* _The task_
Return only the lines of the listing below that run from the line with "Attica 4X4 Fender" through the line with "Growing for Tomorrow: Regenerative", both ends included, exactly as written.

* _Excerpted records_
►

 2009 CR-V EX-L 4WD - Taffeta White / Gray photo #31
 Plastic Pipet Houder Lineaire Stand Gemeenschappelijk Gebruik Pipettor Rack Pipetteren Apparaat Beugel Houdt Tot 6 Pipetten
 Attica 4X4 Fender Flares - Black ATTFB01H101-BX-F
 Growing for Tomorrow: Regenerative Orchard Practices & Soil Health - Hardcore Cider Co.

◄
►

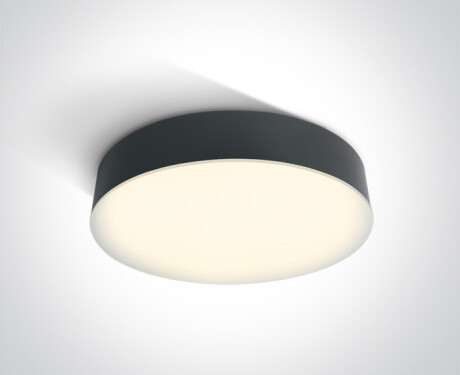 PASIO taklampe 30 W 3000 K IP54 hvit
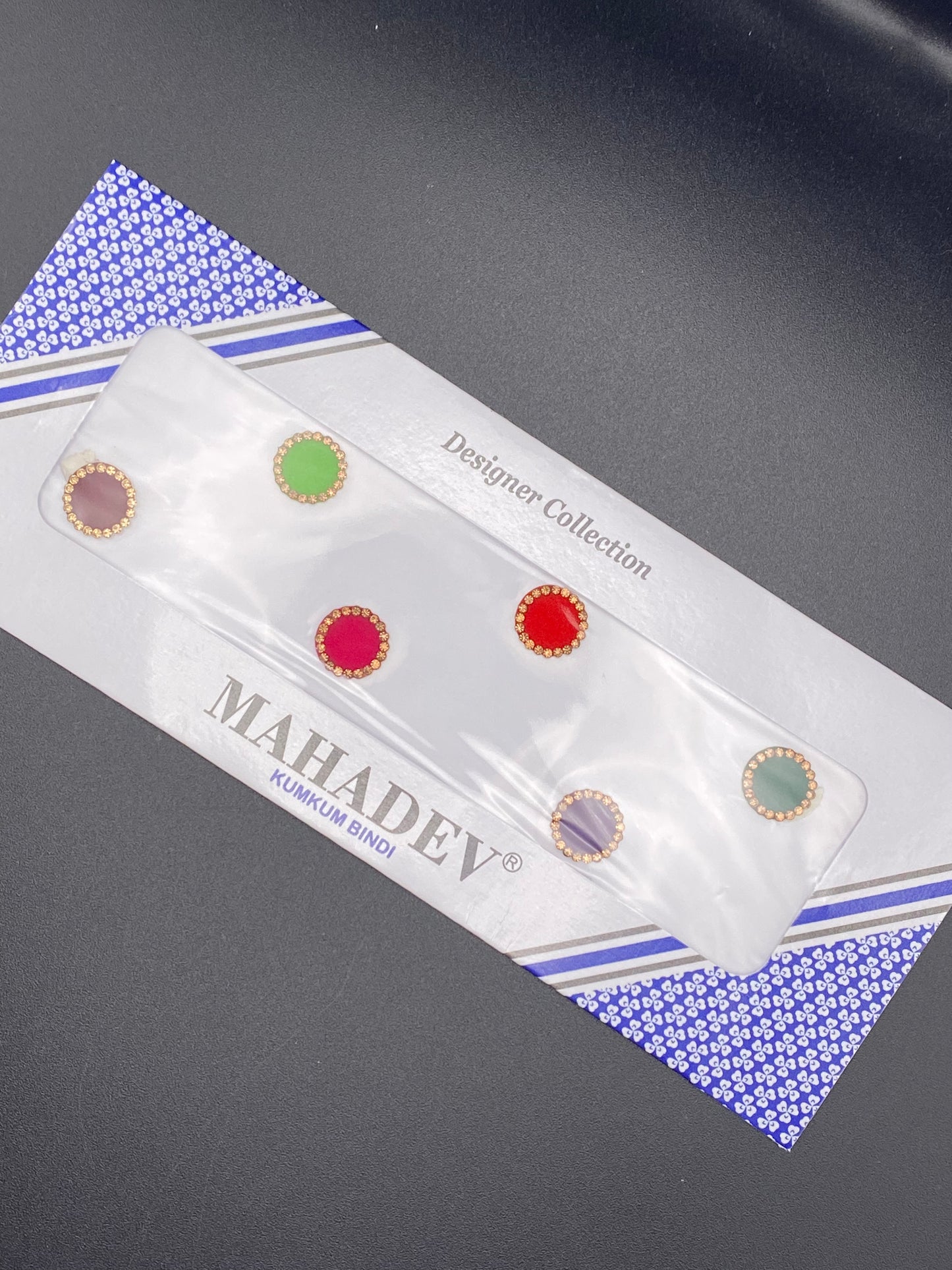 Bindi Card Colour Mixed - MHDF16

◄
►

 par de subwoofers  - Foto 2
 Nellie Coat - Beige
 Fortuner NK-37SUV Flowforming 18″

◄

* _Reply_
 Attica 4X4 Fender Flares - Black ATTFB01H101-BX-F
 Growing for Tomorrow: Regenerative Orchard Practices & Soil Health - Hardcore Cider Co.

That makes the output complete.